Records from a data collection:
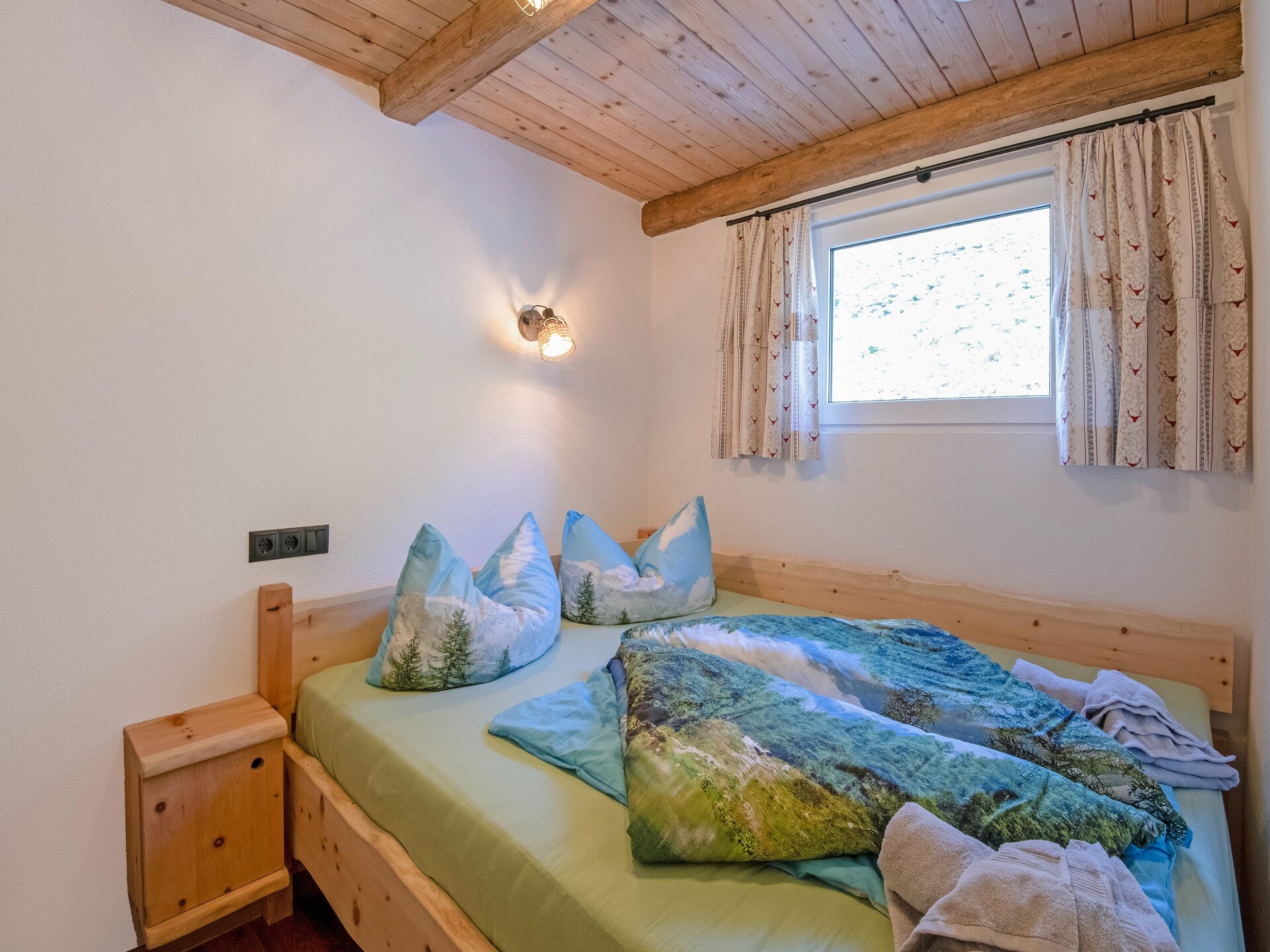 Vrijstaande berghut in Fügenberg met buitensauna en uitzicht op de Alpen - foto 13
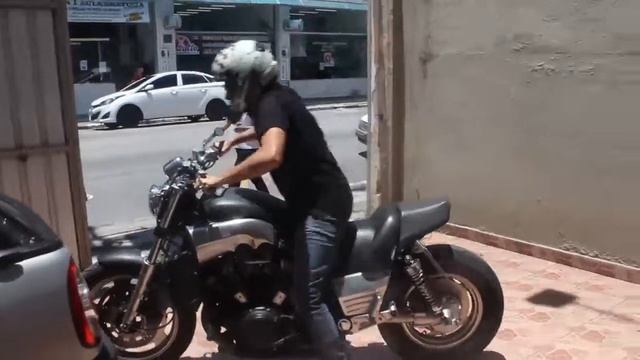 V-Max 1200 Mad Max Little Drift смотреть онлайн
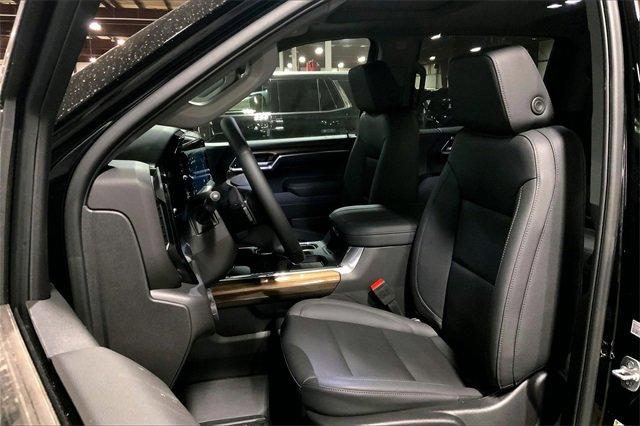 2025 Chevrolet Silverado 1500 Vehicle Photo in KANSAS CITY, MO 64114-4502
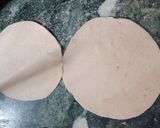A picture of step 5 of Aloo ka paratha.
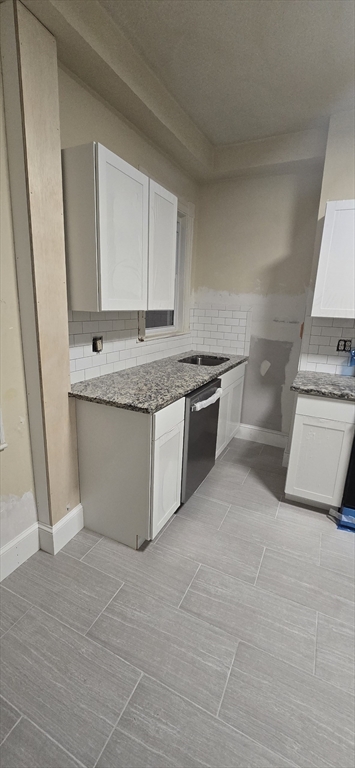 14 Quint Ave Apt 1A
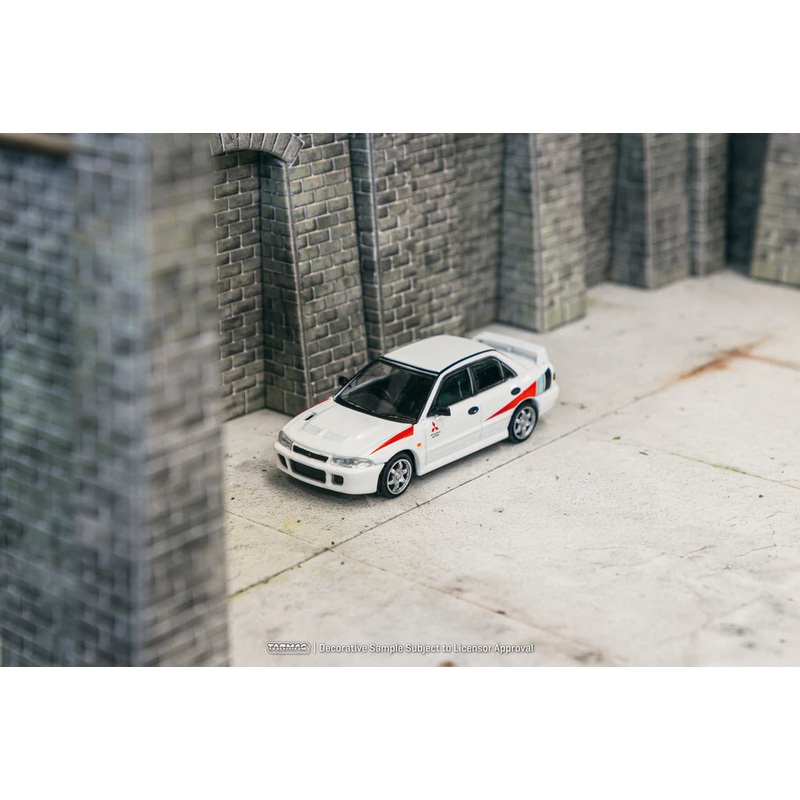 Tarmac Works 1/64 Mitsubishi Lancer RS Evolution White – GLOBAL64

Your task: Leave out the pictures and repeat exactly the lines from the one containing "V-Max 1200 Mad" through the last line of the entries.

Finished task:
 V-Max 1200 Mad Max Little Drift смотреть онлайн
 2025 Chevrolet Silverado 1500 Vehicle Photo in KANSAS CITY, MO 64114-4502
A picture of step 5 of Aloo ka paratha.
 14 Quint Ave Apt 1A
 Tarmac Works 1/64 Mitsubishi Lancer RS Evolution White – GLOBAL64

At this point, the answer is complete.